Data records:
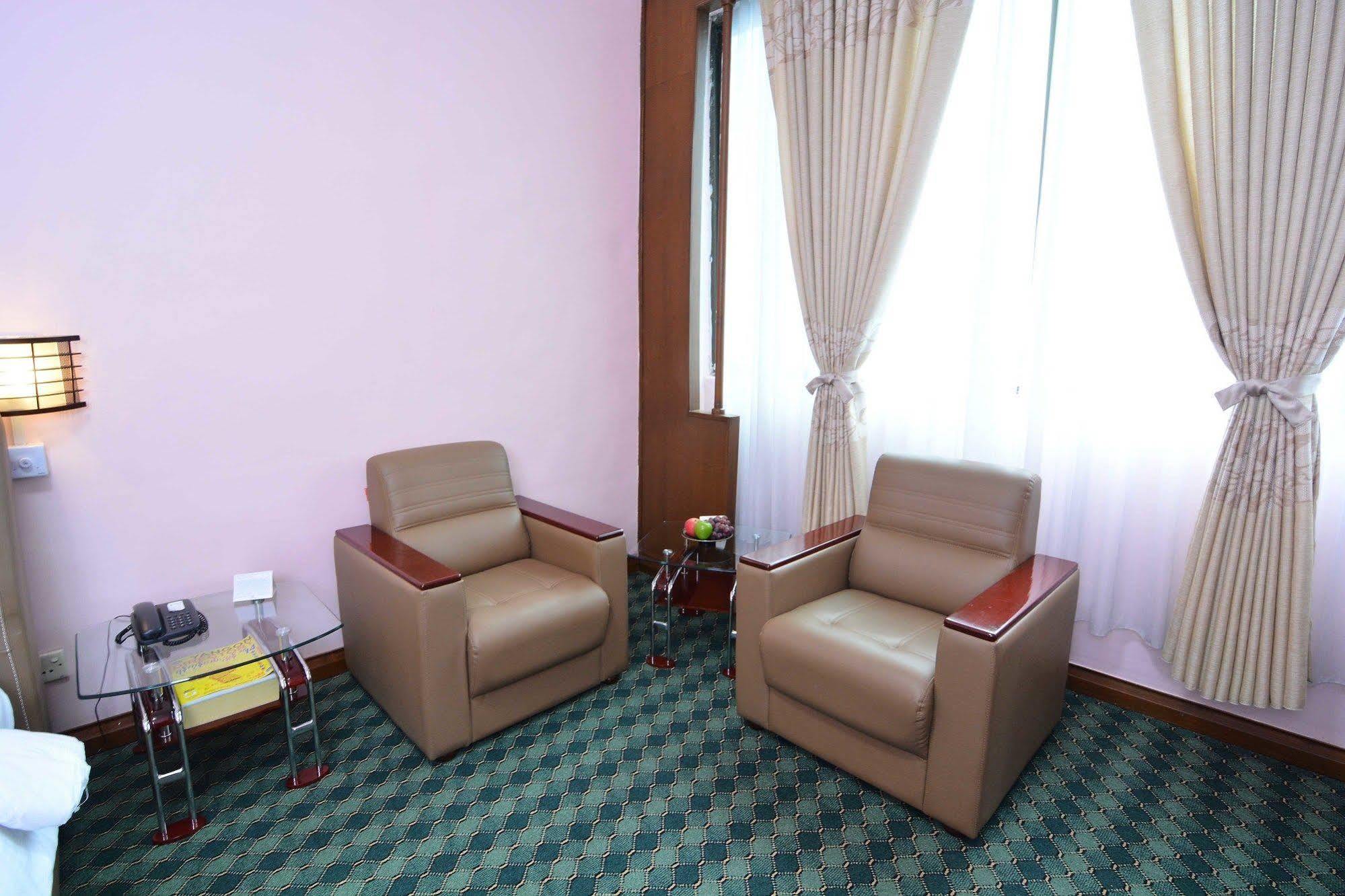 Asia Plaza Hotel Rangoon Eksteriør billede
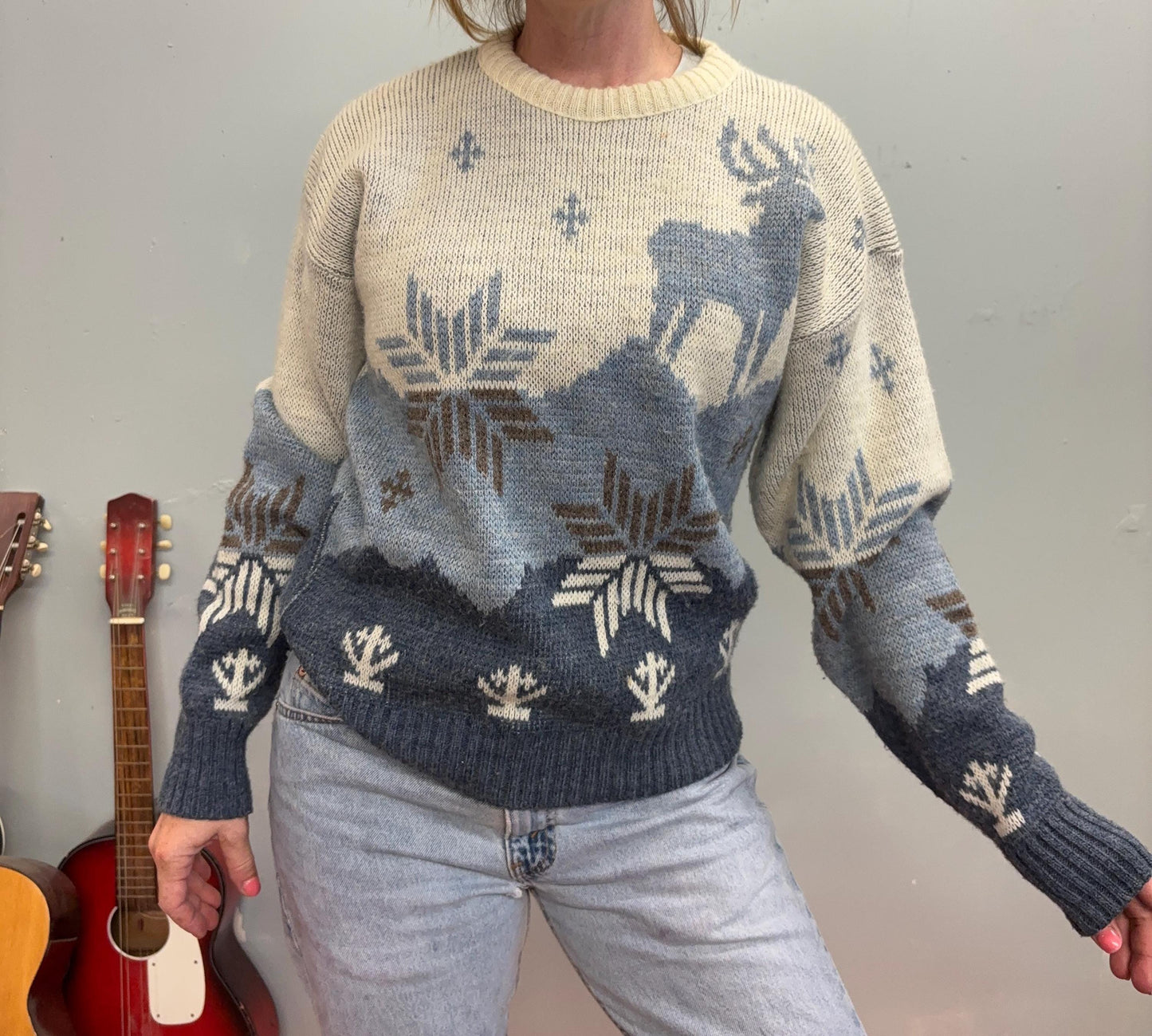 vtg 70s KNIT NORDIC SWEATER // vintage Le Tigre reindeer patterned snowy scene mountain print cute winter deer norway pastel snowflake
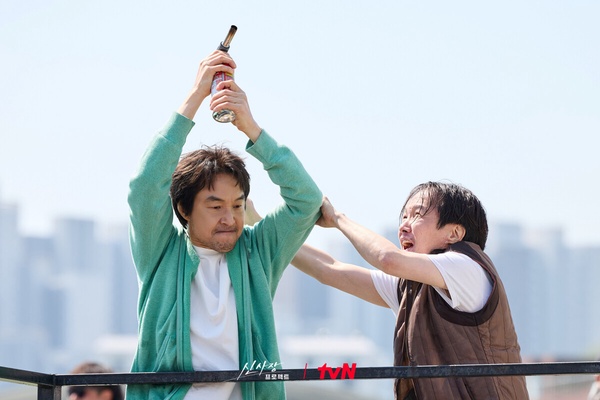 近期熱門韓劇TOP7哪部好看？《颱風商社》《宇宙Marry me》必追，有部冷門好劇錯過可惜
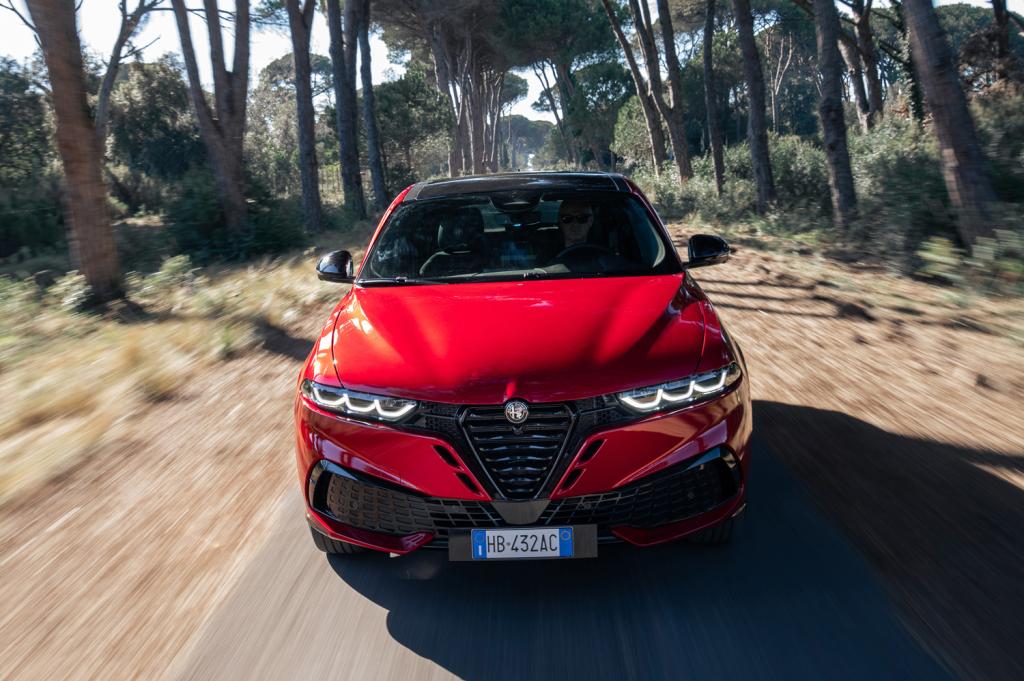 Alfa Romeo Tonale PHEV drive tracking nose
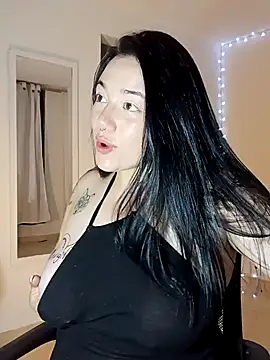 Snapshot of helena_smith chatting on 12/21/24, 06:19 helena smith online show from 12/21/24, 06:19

--

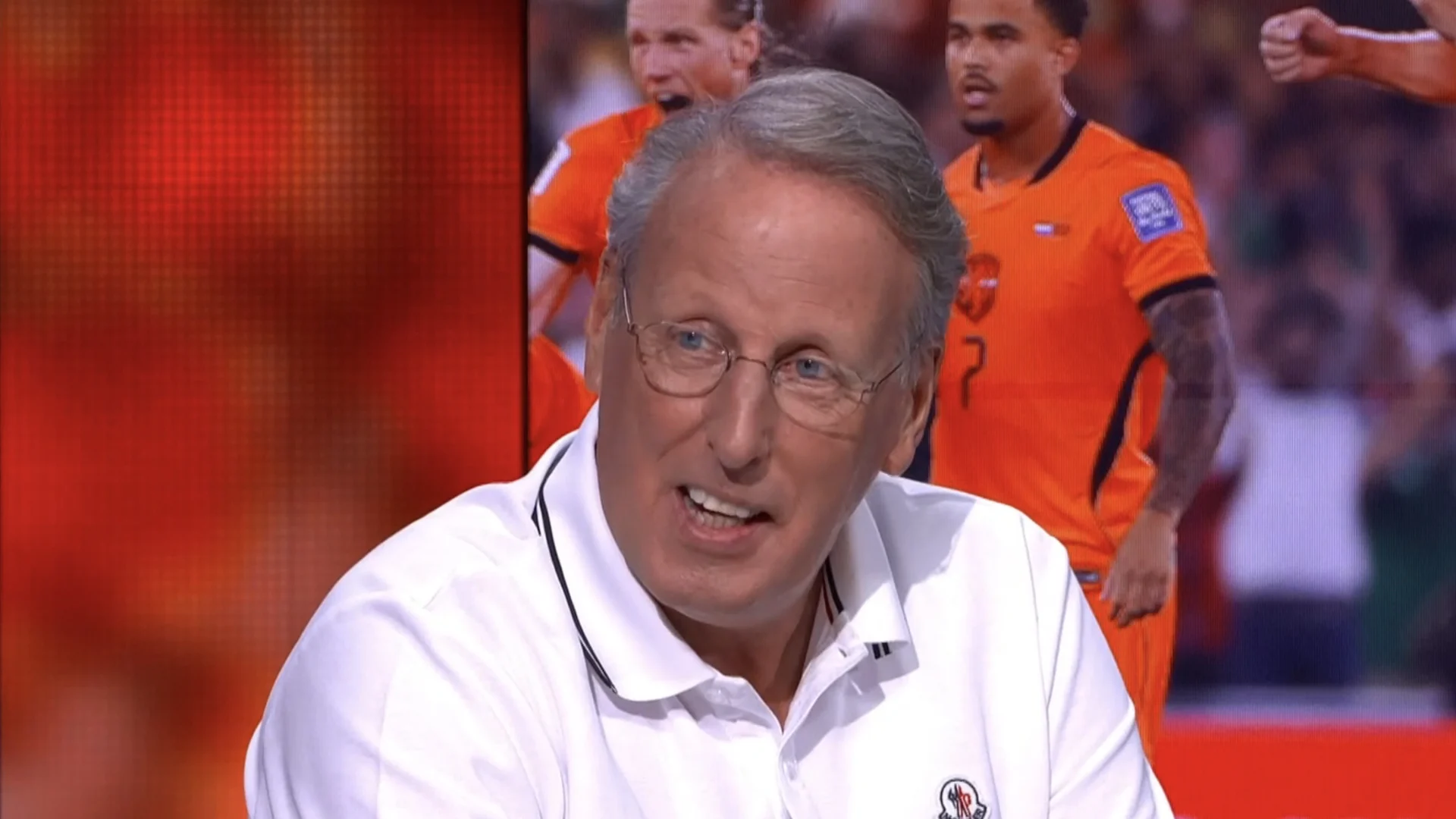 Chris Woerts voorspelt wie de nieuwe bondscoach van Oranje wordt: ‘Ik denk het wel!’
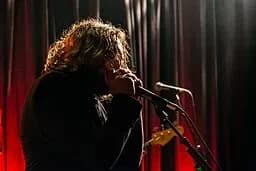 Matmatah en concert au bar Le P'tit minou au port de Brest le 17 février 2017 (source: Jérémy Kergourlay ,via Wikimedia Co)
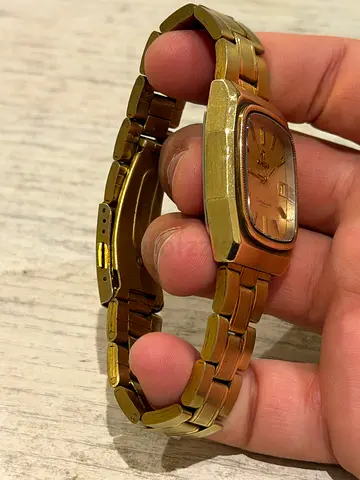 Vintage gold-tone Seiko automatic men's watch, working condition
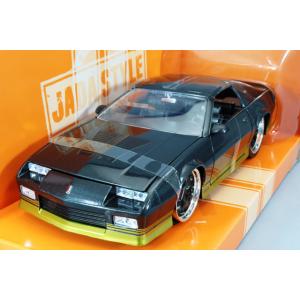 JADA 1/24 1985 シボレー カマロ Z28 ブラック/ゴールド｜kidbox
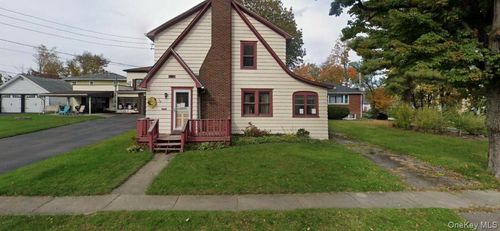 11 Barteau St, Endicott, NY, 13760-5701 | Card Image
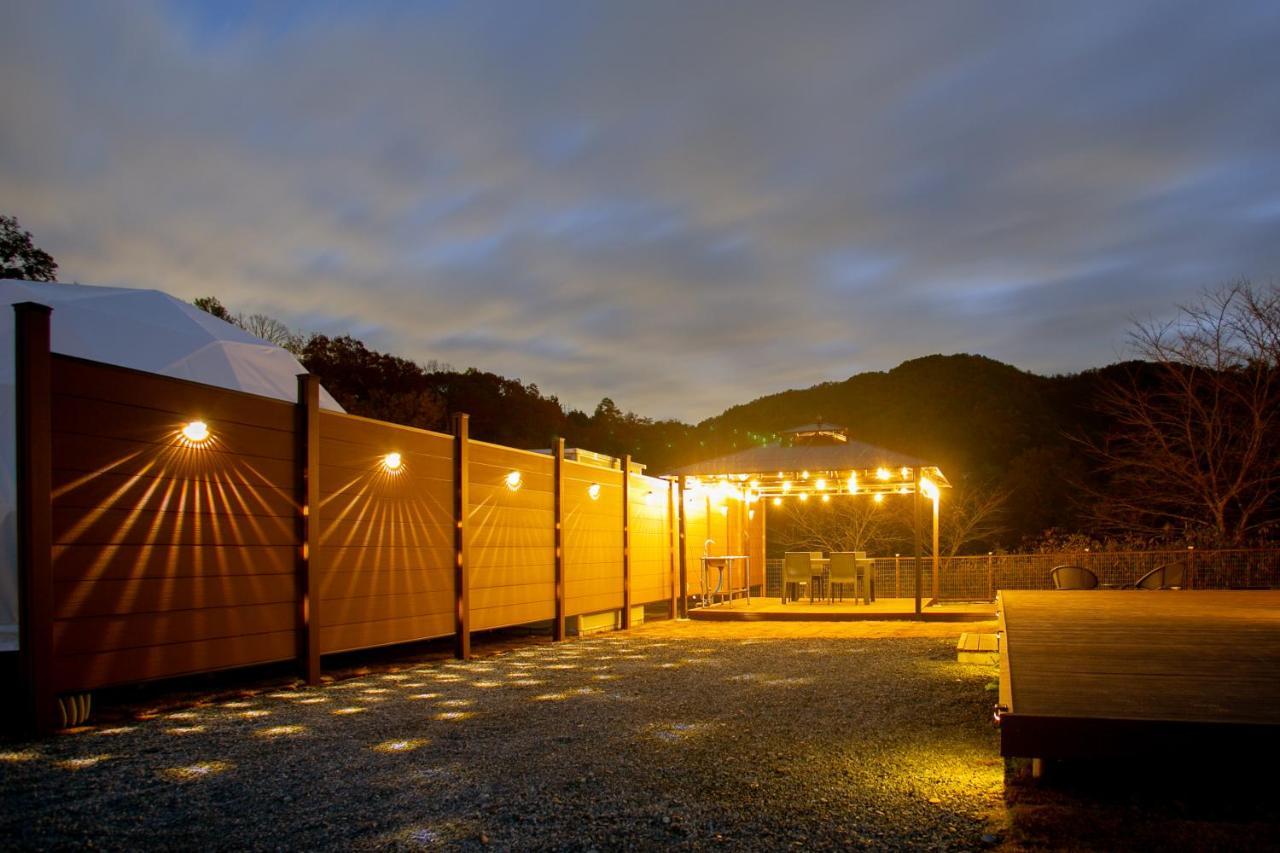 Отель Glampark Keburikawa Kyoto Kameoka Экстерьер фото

### EXERCISE BRIEF
Reproduce exactly, with no pictures, the lines above from the one holding "11 Barteau St, Endicott, NY, 13760-5701" to the one holding "Отель Glampark Keburikawa", inclusive.

### ANSWER BOX
 11 Barteau St, Endicott, NY, 13760-5701 | Card Image
 Отель Glampark Keburikawa Kyoto Kameoka Экстерьер фото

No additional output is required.